━━━━━ SUPPLIED DATA ━━━━━
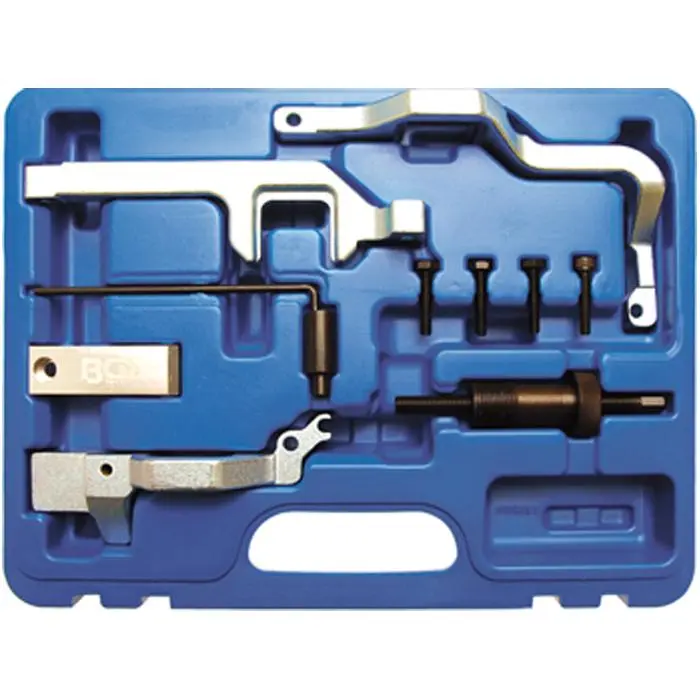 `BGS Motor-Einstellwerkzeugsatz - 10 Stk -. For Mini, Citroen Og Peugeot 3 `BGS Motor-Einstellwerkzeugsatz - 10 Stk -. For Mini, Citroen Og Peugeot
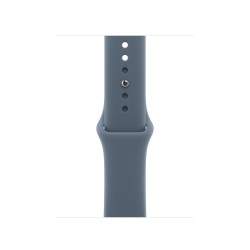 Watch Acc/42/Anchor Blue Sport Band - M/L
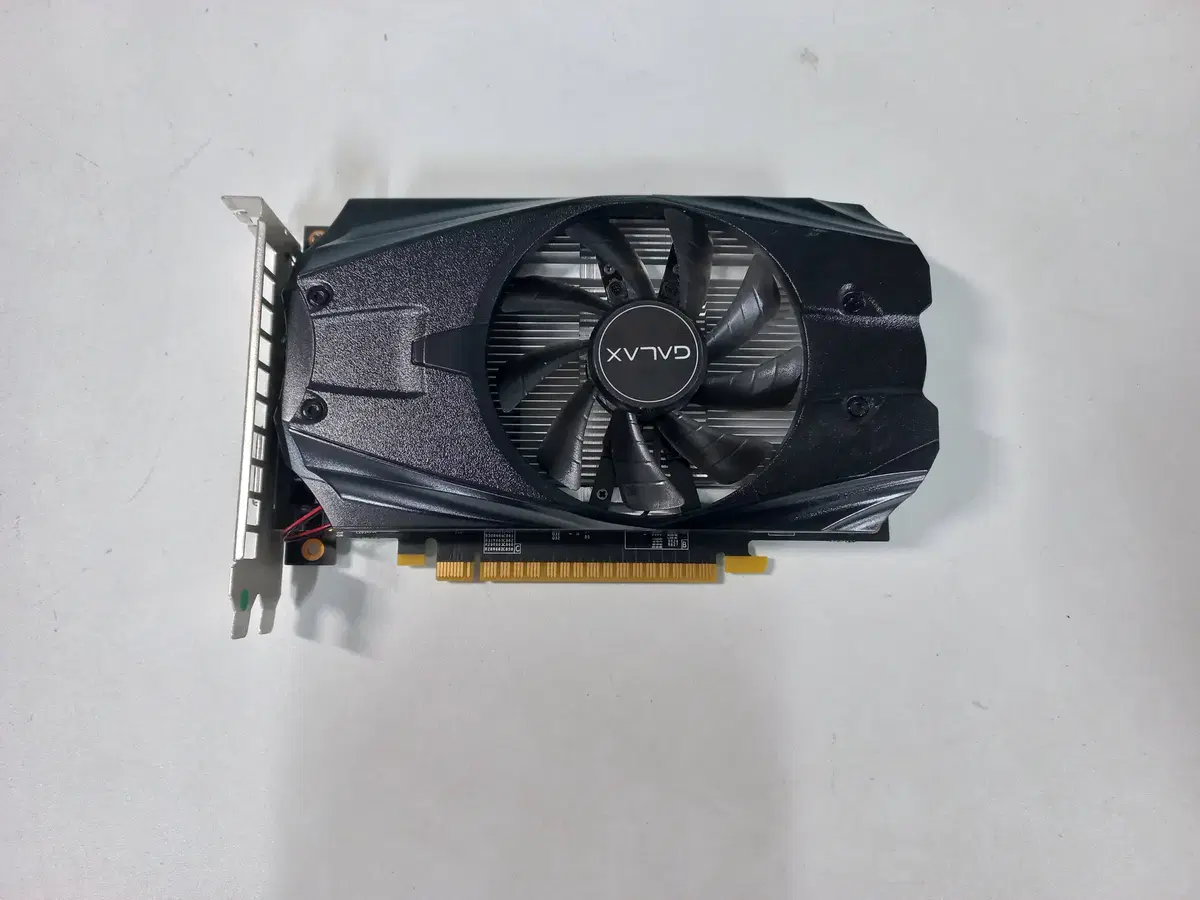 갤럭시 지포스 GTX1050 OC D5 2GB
━━━━━
= WHAT TO PRODUCE =
Everything in the material must be duplicated exactly, except the pictures.

= EXPECTED OUTPUT =
 `BGS Motor-Einstellwerkzeugsatz - 10 Stk -. For Mini, Citroen Og Peugeot 3 `BGS Motor-Einstellwerkzeugsatz - 10 Stk -. For Mini, Citroen Og Peugeot
 Watch Acc/42/Anchor Blue Sport Band - M/L
 갤럭시 지포스 GTX1050 OC D5 2GB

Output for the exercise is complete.